キーワードは,「まちは大きな博物館」,「まち全体が博物館,町民すべてが学芸員」をであり,エコミュージアムを地域づくり計画の中に位置づけている。
平成12年には,エコミュージアムのコアセンター「創遊館」(中央公民館,図書館,エコミュージアムルーム(エコミュージアムの普及、研究、展示などを総合的に行う場所),展示コーナの複合施設)を設置し,産業(ワイン工場等),自然(山,ブナ原生林等),文化(遺跡,道等)をサテライトとして位置づけ活動している。

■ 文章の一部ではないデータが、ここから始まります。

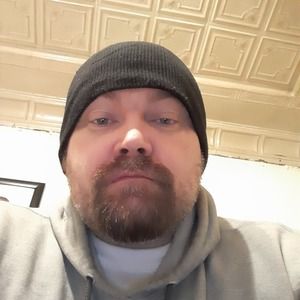 Meet your Posher, Nathan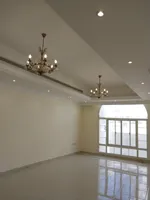 فيلا للإيجار في مدينة خليفة أ : Image 4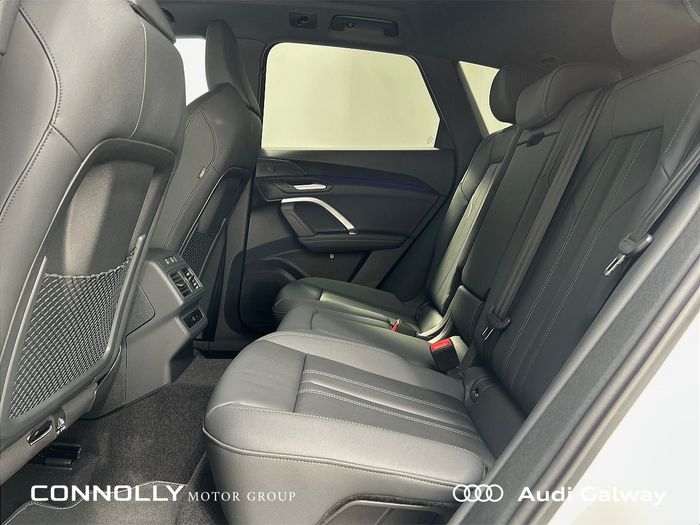 Audi Q5 2026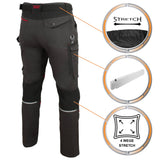 profession_4_Dynamic_Hose_2.jpg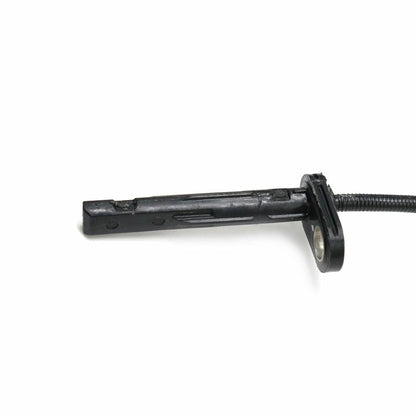 ya 9 10.24 Front Right Side ABS Wheel Speed Sensor 20811371 for Chevy Equinox for GMC Terrain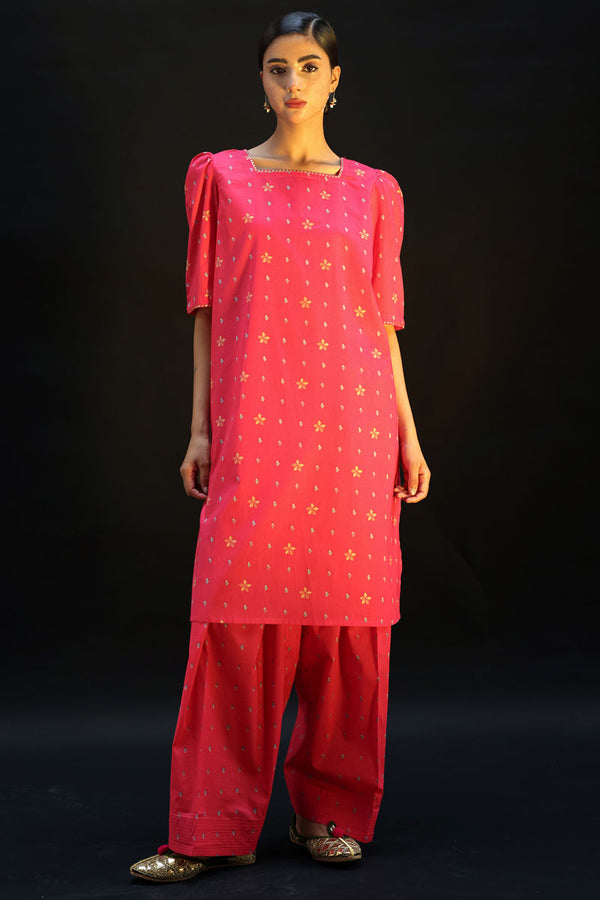 Mukesh Mehr Set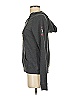 Disney Parks Gray Pullover Hoodie Size S - photo 5
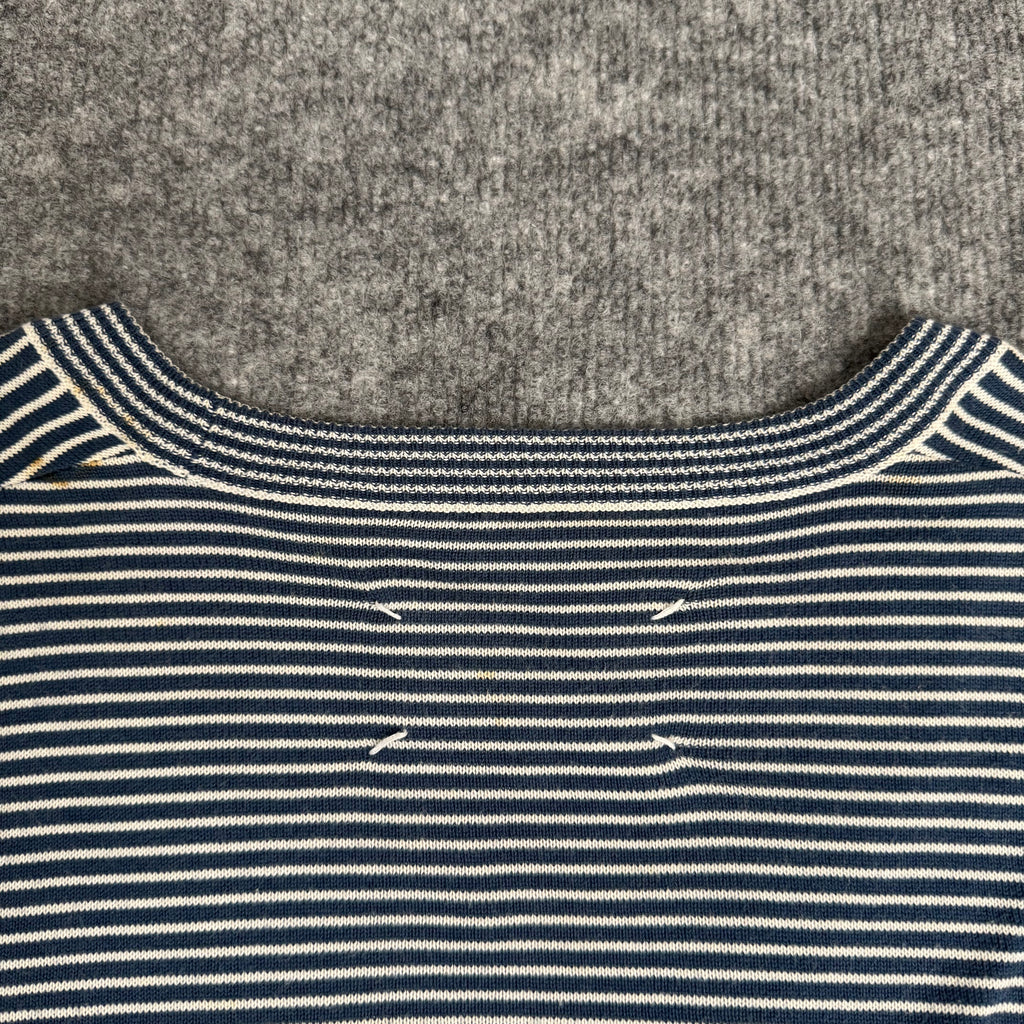 Maison Margiela cardigan (Str. S)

具体的な事業は,学習会,展示(地域産業の紹介),イベント等を実施
阿蘇たにびと博物館での取組
阿蘇たにびと博物館は、阿蘇全体を博物館とし、阿蘇に生きる人びとや暮らし、自然との関わりを展示して案内するエコミュージアムである。
他のエコミュージアムとの違いは,博物館という意識を強く持っており,学芸員が常駐し,「調査研究」「収集保存」「教育普及」の活動を行っている。
例えば,教育普及事業では、実際の現場を案内する常設展(阿蘇ガイドツアー)、特定のテーマを立てて展示する企画展、そして当該地域に生きる人々を実際にご紹介する特別展(谷人ツーリズム)の3つの展示活動を行なうほか、友の会の月例会などの講座イベントを開いたり、調査研究報告書兼友の会誌である『谷人』を発行して、谷人たちの暮らしや自然の普及に努めている。また、阿蘇を研究する学生たちの支援も行なっている。
これらの活動を通して、阿蘇を訪れる人も、訪れられる人も、互いに阿蘇で有意義に過ごせることを目的としている。